# SSSP/APSP HPC: A Comparative Performance Analysis (Colab)

This notebook provides a complete workflow to set up the environment, build the project, run benchmarks, and analyze the performance of multiple shortest-path algorithms and their HPC variants.

## Table of Contents

1. [Environment Setup](#env-setup)
2. [Algorithm Primer](#primer)
3. [Build Executables](#build)
4. [Run Benchmarks](#benchmarks)
5. [Analyze Results](#analysis)
6. [Speedup Analysis](#speedups)
7. [Suggestions for Further Improvement](#suggestions)
8. [Performance Visualization](#plots)
9. [License & Attribution](#license)

## 1. Environment Setup <a name="env-setup"></a>

First, let's set up the environment. This involves checking for a GPU, cloning the project repository, and installing pinned Python dependencies.

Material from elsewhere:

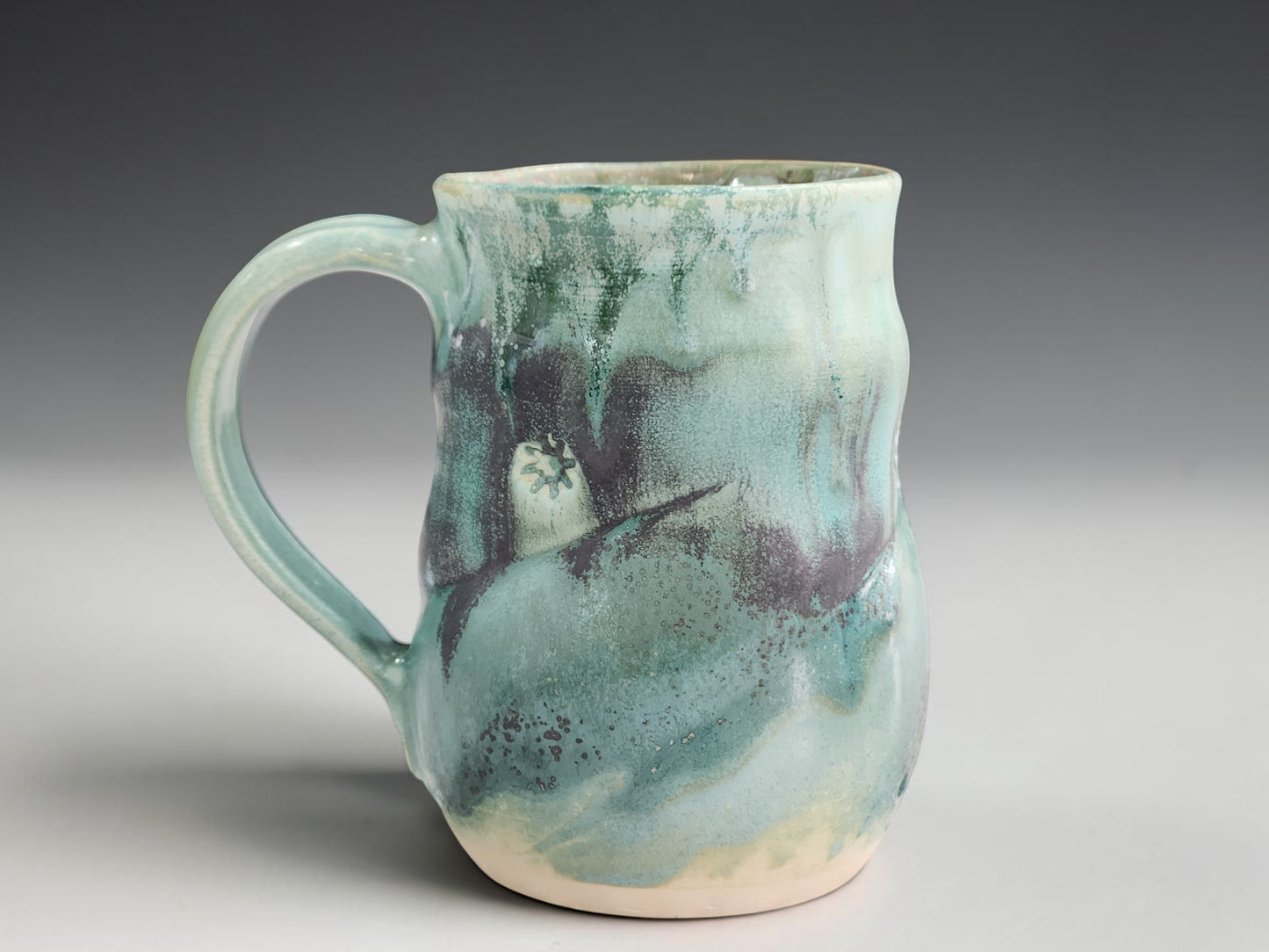 Handmade stoneware mug with flowing seafoam green glaze, crafted by Buxton Pottery in Melbourne Australia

### 1.1 Check GPU Availability

Ensure a GPU is available. Go to **Runtime -> Change runtime type** and select a GPU.

In [None]:
!nvidia-smi

### 1.2 Clone Repository & Install Dependencies

In [None]:
!git clone https://www.github.com/UchihaIthachi/bellman-ford-hpc-openmp-cuda.git
%cd bellman-ford-hpc-openmp-cuda

print("Current commit hash:")
!git rev-parse HEAD

%pip install -q pandas==2.0.3 matplotlib==3.7.1 seaborn==0.12.2

## 2. Algorithm Primer <a name="primer"></a>

- **Dijkstra's Algorithm:** Finds the shortest path in a graph with non-negative edge weights; it's fast (O(E log V)) but cannot handle negative weights.
- **Bellman-Ford Algorithm:** Finds the shortest path in a graph that may contain negative edge weights; it's slower (O(VE)) but more versatile.
- **Floyd-Warshall Algorithm:** Finds all-pairs shortest paths in a weighted graph; its O(V^3) complexity makes it suitable for dense graphs.
- **Johnson's Algorithm:** Finds all-pairs shortest paths, outperforming Floyd-Warshall on sparse graphs (O(VE + V^2 log V)) by using Bellman-Ford and Dijkstra as subroutines.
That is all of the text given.